What I don't know is whether or not Nielsen's screening process prevents outliers from being either PPM carriers (in the top 50 markets) or diarykeepers. Usually, if a household is chosen, all members in that household are participants. (They don't like to tell any of us how they go about that.)
Yes, they do. Recruiting is at the household level. Someone in a "dwelling unit" (can be a family of several people sharing a residence) is the team leader and makes the agreement that everyone in the household will participate. Meters are sent, and everyone must use them. If anyone does not, the leader is warned that the individual in question is not carrying the meter. If that meter does not come back into compliance, the whole unit is dropped. Credits good for "rewards" are based on full compliance, and the better the group participates (no skipped days, etc.) the more they can earn.

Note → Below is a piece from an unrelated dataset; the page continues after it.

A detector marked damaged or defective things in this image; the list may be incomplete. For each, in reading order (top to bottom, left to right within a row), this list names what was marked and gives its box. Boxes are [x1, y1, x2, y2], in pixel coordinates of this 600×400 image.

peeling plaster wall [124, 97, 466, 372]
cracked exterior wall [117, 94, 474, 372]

And Nielsen has made a big deal out of the PPM "hearing" listener exposure that may have been ignored under the diary system. Wouldn't that have a skewing effect similar to an outlier carrying the device?
No.
First, by "outliers" I meant "people who don't have the listening habits of the larger majority... because that group has gone to new media predominantly. So they are members
outside of the target of certain stations who listen anyway. Those stations generally don't target, research or program to those people, but they get them because the core younger demo members are not using much radio.

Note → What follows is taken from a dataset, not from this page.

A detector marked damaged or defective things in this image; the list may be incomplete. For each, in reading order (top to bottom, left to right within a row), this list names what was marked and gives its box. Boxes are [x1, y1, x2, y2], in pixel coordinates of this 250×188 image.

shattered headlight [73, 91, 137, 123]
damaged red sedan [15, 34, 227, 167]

Those numbers are shares, and a 3 or 4 share in 18-34 today is, in rating, about 15% of what it was 20 years ago.
The "phantom cume" (the term we used pre-PPM) was made up of secondary listening choices. A listener might write in a diary about their two or three favorite stations, but not write in those occasional "alternative choice" stations as they were not top of mind when filling in the diary. A classic case would have been someone in LA in 1999 who put on KFWB a moment when they got in their car to get the traffic before putting on Stern or Rick Dees or whomever on their "favorite" station; that never got written into the diary.
I also noted somewhere on RD in the past week or so that the migration of the old "auditorium testing" for music to online has made it difficult to detect the outliers. In fact, I believe it was David who posted that.
Outliers are detectable by charting all the respondents; people who are generally outside the normal range are visible. It is harder, but still very doable.
So I think you have brought up a valid point in terms of ratings accuracy, Flip. It may be within the margin of error, but what if it isn't?
In seeing several 6+ numbers this evening, I notice that nobody is taking into account that a station going from 8.0 to 7.2 is well within the normal wobble of a sample of that size. That is why nobody actually in radio looks at just two months. We like to look at 4, 5, 6 months in our core.
A good thing about Lance's ratings summaries is that he covers more months. Oh, and he gets the formats much more accurately than some of the sources.